勇者、いぬさがし
「すみません、この子見てませんか?」
町の中で声を掛けられる。紙を見せられ、そこには、わんこの顔と名前。
「いや、見てないですね」
「そうですか……」
少女は先ほどから同じ返事ばかり聞いているのだろうか、俺の言葉を聞いて、疲れたように落胆の息を漏らす。
「あー……よければ、探すの手伝いましょうか?」
俺がよそを向いていた少女にそう声を掛けると、少女は意外にも顔をしかめた、嫌そうな表情をしている。
「え……お金取ります?」
「お金? 別に要らないけど」
「え、報酬全部私がもらっていいんですか? じゃあなんで手伝うんですか? 暇なんですか?」
話を聞くと、彼女はギルドに登録している冒険者の一人で、街の中で出来る依頼を見つけ、依頼としてその迷子の犬を探しているようだった。
「へー、冒険者ってこんな仕事もしてるんだ。
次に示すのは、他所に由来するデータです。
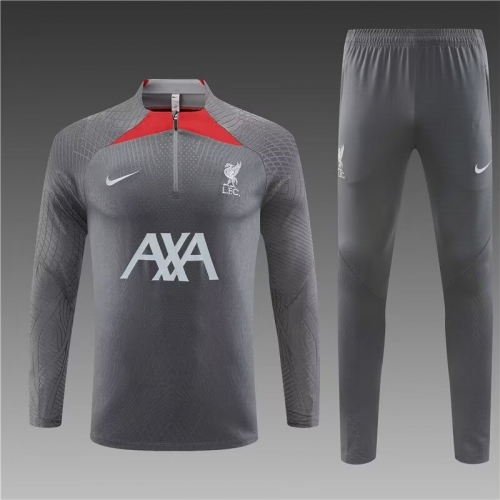 Player Version 2023/24 Liverpool Dark Gray Soccer Tracksuit Uniform-801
お金にならない仕事はしないイメージだった」
「これはお金になる仕事ですよ。それも、大したリスクも無しに」
俺は流れでその少女に付いて行きながら、街の中を探し歩いていく。
「じゃあ普段はモンスターとか狩ってんの?」
「……狩ってないです。武器がないので」
そういう冒険者も居るんだ。
「じゃあ、街のお使い専門、みたいな感じの冒険者なんだ」
「私だって武器があったら外出てモンスター狩ってますよ。武器を買うお金が無いからこうやって地道に稼いでるんじゃないですか」
街の人が冒険者になるのには、普通そういうルートが必要なのか。俺はただ呼ばれて、すぐにただで便利な武器や道具も貰ったが、俺たちは案外甘やかされて育てられていたのかもしれない。
「大変だなー」
「なんですかその心のこもってない言葉は。殺しますよ」
「強い言葉を使うと運気が逃げてくよー」
「は?」
「うん……犬どこだろうねー」
広い街の中、石畳の裏道。周りは建物、建物ばかりだ、大通りからは離れてしまって見慣れない裏道。街は広く、街の中には迷路みたいになっている場所もある。俺はまだこの街には来たばかり、必要なとこしか通ってないし、今は知らない道に立ち入っている。
「でも、街の周りには、簡単に倒せそうなモンスターも居ない?」
「そんなの狩って何になるんですか。私が狩るのは狩ってお金になるモンスターです、そういうのは普通の武器じゃ倒せないんですよ……特に、私は女だし、子供だし、力もないし……私はまだ弱くて危ないから、ケガとかだって、怖いんです」
少女の言葉はしりすぼみになっていく。
「魔法とかは? 使わないの?」
「棒で殴った方がまだ強いですよ。才能のある魔法使いとかならまだしも。私は普通の子供です」
「ないない尽くしだねー」
「その他人事みたいな感じむかつくんでやめてもらっていいですか?」
「武器買うんでしょ? 欲しい武器とかはもう決めてるの?」
道を歩いていけば、建物の日陰に入る。彼女は俯き、彼女の顔も日陰に入った。
「……小さな、魔剣を……」
「魔剣?」
「魔剣くらい、知ってるでしょ」
「知らなーい」
「……魔物を封じ込めておけるすごい剣です。入れた魔物に応じて、特殊な能力も使えます」
「世の中には便利なものがあるんだねー。高いのー?」
「……もう何か月か、働けば」
少女は小声で呟く。
「遠いねー」
「生活費もあるので。私が受けられる依頼なんて、それこそこんなものしか無いし……」
「確かにー」
「一回殴っていいですか?」
はぁ、と、彼女は諦めたようにため息をつく。
「聞きたいこと聞けました? 用が済んだならもう帰っていいですよ」
「用? まだわんこ見つけてないじゃん」
「はぁ? ほんとに見つけるまで、付き合う気ですか? 暇なんですか?」
「はやく見つけてあげないとわんこが可哀そうでしょ。どこかで震えてるかも」
「私じゃないんだ……飼い主視点でもない……」
少女はぼそぼそと何か言っている。
「なんかすっごい視野が広くなるすごい能力とかないの?」
「あったらこんなとこでこんなことしてません」
「確かに」
「やっぱり一回殴っていいですか?」
少女は呆れながらも、しかし俺を振り払うような素振りは見せない。この子もこの子で暇なんだろうか。俺に構ってくれるくらいには。赤レンガの屋根と青空の下、複雑に伸びていく石畳の道を、俺は知らない異国の街並みを、少女の案内を追って歩いていく。